Vervoer claims shed new light on lawsuit against Goldman Sachs AM
EUROPE - Dutch transport pension fund Vervoer has accused Goldman Sachs Asset Management (GSAM) of multiple breaches of contract when the asset manager served as its fiduciary manager in 2006, according to two claims filed recently with the UK High Court.
The 50-page document, filed with the Commercial Court, provide further details on a number of the pension fund's grievances with the asset manager.
GSAM has dismissed the claims, saying they were "brought with the benefit of hindsight" and involved investments that had been made in "extremely difficult and unpredictable markets".
The claimants - Stichting Bedrijfstakpensioenfonds Voor het Beroepsvervoer Over de Weg, Stichting Bewaar Beroepsvervoer and Stichting Beheer Beroepsvervoer - last month filed a €250m lawsuit regarding GSAM's oversight of an alpha LIBOR investment vehicle and Vervoer's global high-yield bond portfolio.
In the first claim, Vervoer contends that GSAM caused €349m to be invested in a portable alpha structure managed by US-based Grantham, Mayo, Van Otterloo & Co.
Vervoer says the portable alpha structure "wholly unsuitable" for its stated aim of achieving a "modest return" above that of an investment in European government bonds.
GSAM, which is still preparing its defence, maintains that the manager selections were appropriate and in accordance with the mandate's specific requirements.
But Vervoer argues that the 'cash-management fund' component of the portable alpha structure, whose "purported purpose" had been to generate returns similar to the interest on cash, had in fact been highly illiquid and "substantially invested" in mortgage-backed and other asset-backed securities.
It also points out that the portable alpha structure comprised investment in two hedge funds, which were themselves invested in the same 'cash-management fund', thereby "increasing and concentrating unsuitable exposure".
"Such an investment," it adds in its claims, "gave rise to a number of plain risks, which were exacerbated by the sub-prime crisis, which was already underway."
Vervoer claims GSAM made the investment without due care and failed to recognise the portable alpha structure's alleged unsuitability, or act in any way to mitigate the impact of the sub-prime crisis.
"Indeed," it says, "as this crisis deepened, the structure's asset manager even increased Vervoer's exposure … without GSAM having sought in any way to prevent this."
Lastly, it points out that GSAM "eventually" decided in October 2008 to withdraw the scheme's investments in the fund, but took more than two years to complete that liquidation, in December 2010.
For its part, GSAM pointed out that it had been appointed by Vervoer to select a pool of assets only in accordance with the pension fund's overall strategic asset allocation.
"We were not responsible for determining the overall strategic asset allocation of Vervoer's portfolio, which was exclusively their responsibility," it said.
"Nor were we responsible for selecting specific investments, which external asset managers did."
The asset manager also argued that Vervoer's sub-prime exposure had been at the discretion of Grantham, Mayo, Van Otterloo & Co, which operated the investment funds.
"GSAM pointed out that the external manager selection was appropriate and in accordance with the mandate's specific requirements and that it had no influence or involvement with GMO's trading decisions," it said.
In Vervoer's second claim, the pension fund argues that GSAM negligently failed to increase its allocation to global high-yield bonds.
It says it instructed the asset manager to increase its allocation from November 2008, but that no new investment was made until mid-April 2009, with funding thereafter being "unnecessarily protracted", and "substantial" investments continuing to be made until as late as October 2009.
Vervoer also claims that GSAM "held itself out" as a fiduciary manager that could implement asset allocation changes quickly and efficiently.

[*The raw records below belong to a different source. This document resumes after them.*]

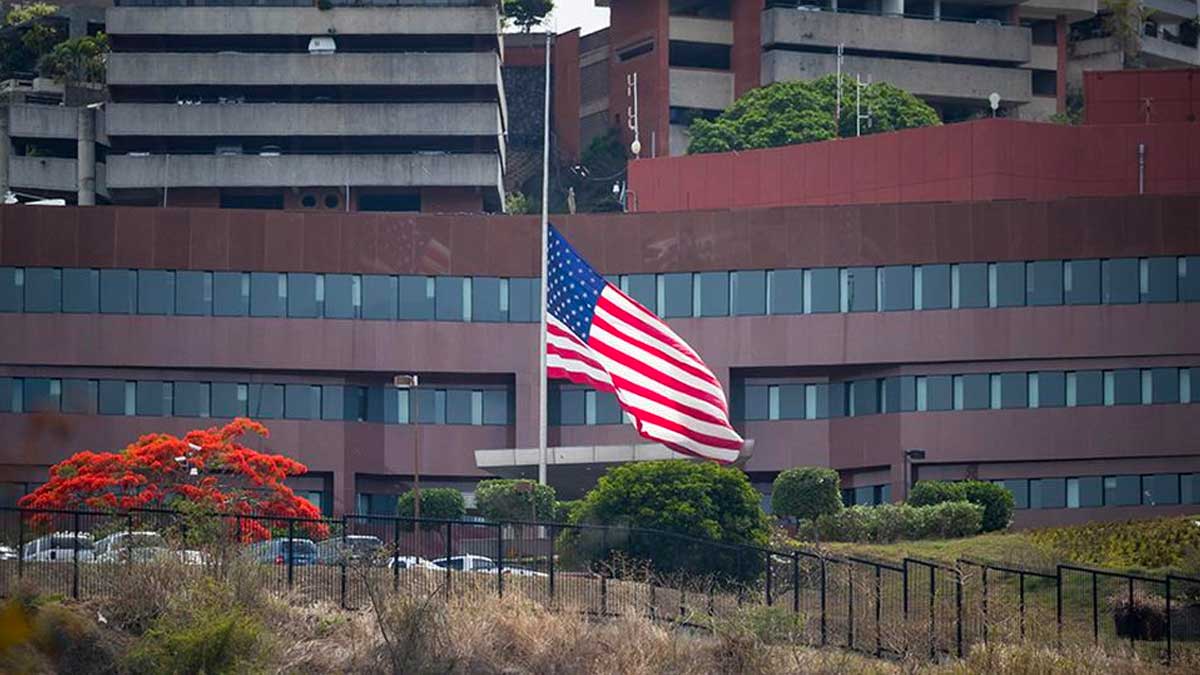 Venezuela entrega nota de protesta por injerencia de Estados Unidos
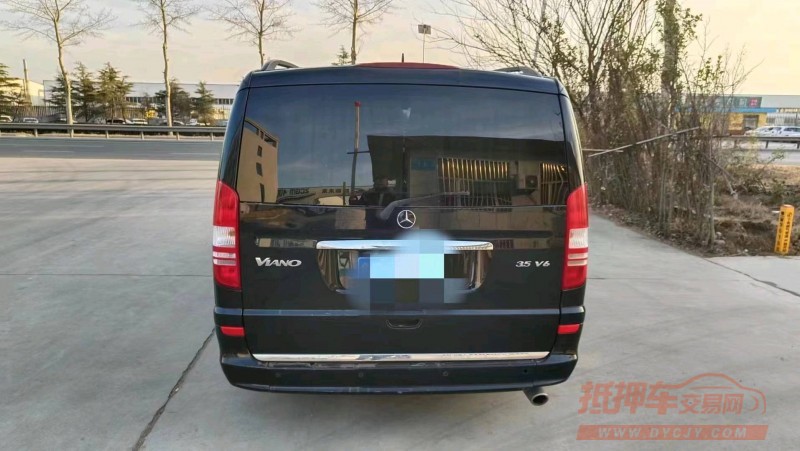 枣庄15年奔驰唯雅诺7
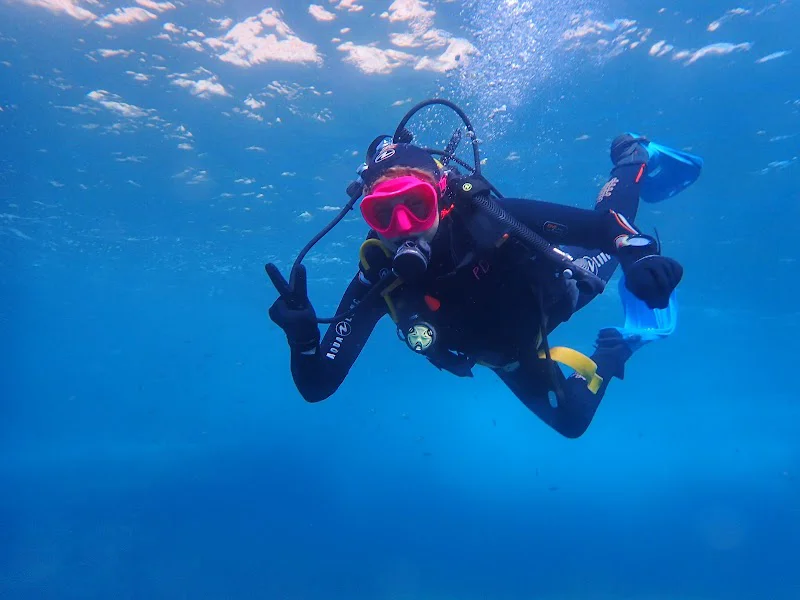 Palma Diving. We love to teach diving! 5 star padi dive center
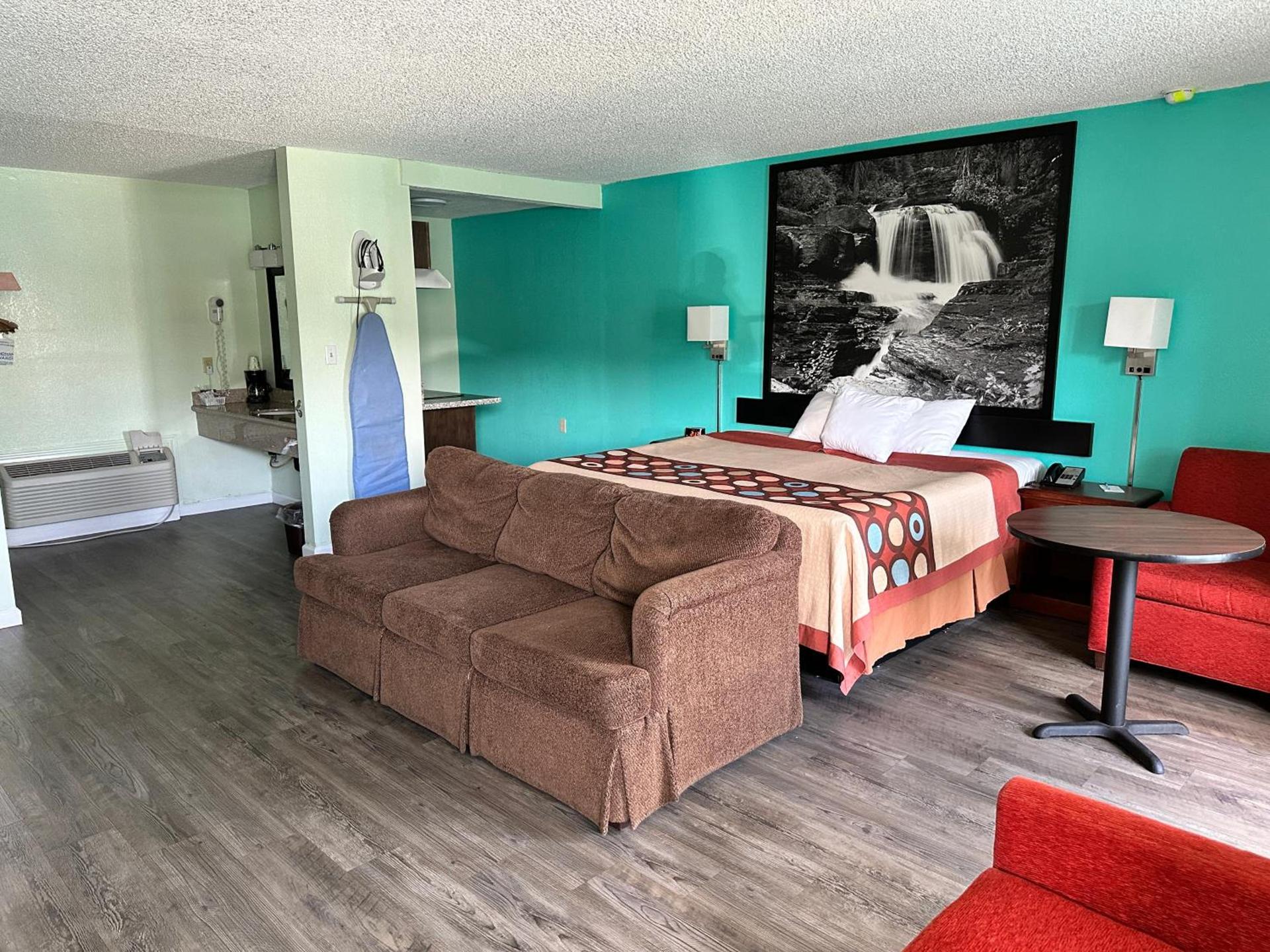 Super 8 by Wyndham Yreka photo 29
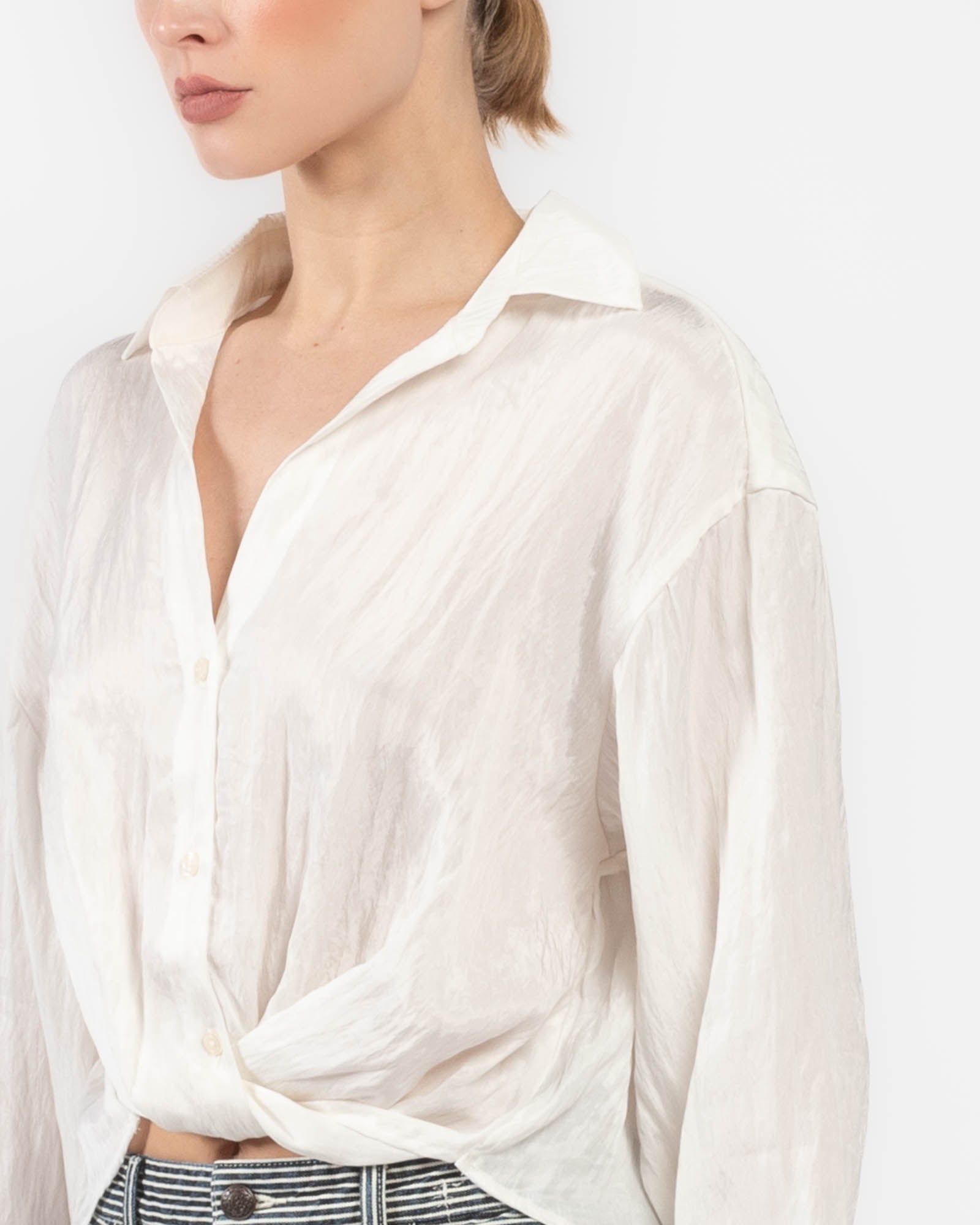 Chemise à devant torsadé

As evidence of this, the company allegedly cited a comprehensive system for identifying managers (in advance) that would be able to accept new funds, as well as a "bench" of back-up managers.

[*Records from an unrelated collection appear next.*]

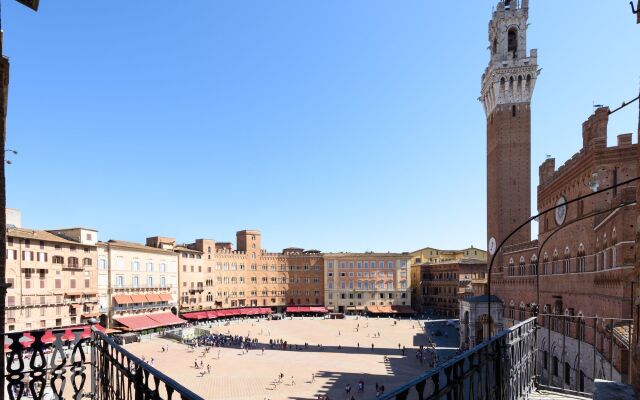 La Terrazza Sul Campo Rooming House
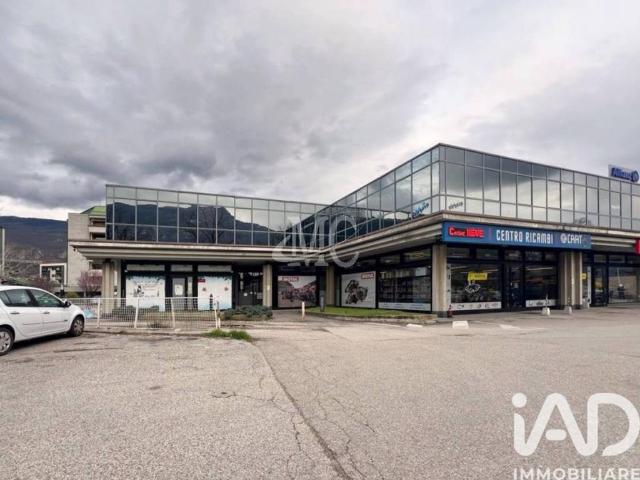 Locale Commerciale in vendita a Comunità della Vallagarina, Borgo Sacco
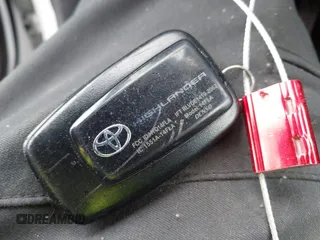 2022 Toyota Highlander Limited z VIN 5TDDZRBH9NS570565, wystawiony jako IAAI lot #41863992 z przebiegiem 41 974 mil mil oraz . Historia ofert i sprzedaży dostępna na DreamBid. Obrazek 11.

Vervoer contends that GSAM did not, in fact, maintain any such bench, and that the company repeatedly gave the pension fund and its transition manager BlackRock "highly misleading" reports on its actual and expected progress in appointing global high-yield managers.
It says GSAM "repeatedly suggested that such appointments and funding were shortly anticipated, whereas in fact there existed little or no prospect of this occurring."
GSAM, however, pointed out that the high-yield market had become extremely illiquid at the time and argued that it was impossible to invest the sums Vervoer had allocated as quickly as the scheme wanted.
"Time was required to engage with, and fully assess, the suitability of potential external asset managers, even more so in the market environment at the time," it said.
"This is standard practice when recommending high-yield strategies."
GSAM has said repeatedly that it acted prudently and complied with its mandate, and that the claims are without merit.
Its defence is expected to be filed with the UK High Court in the coming weeks.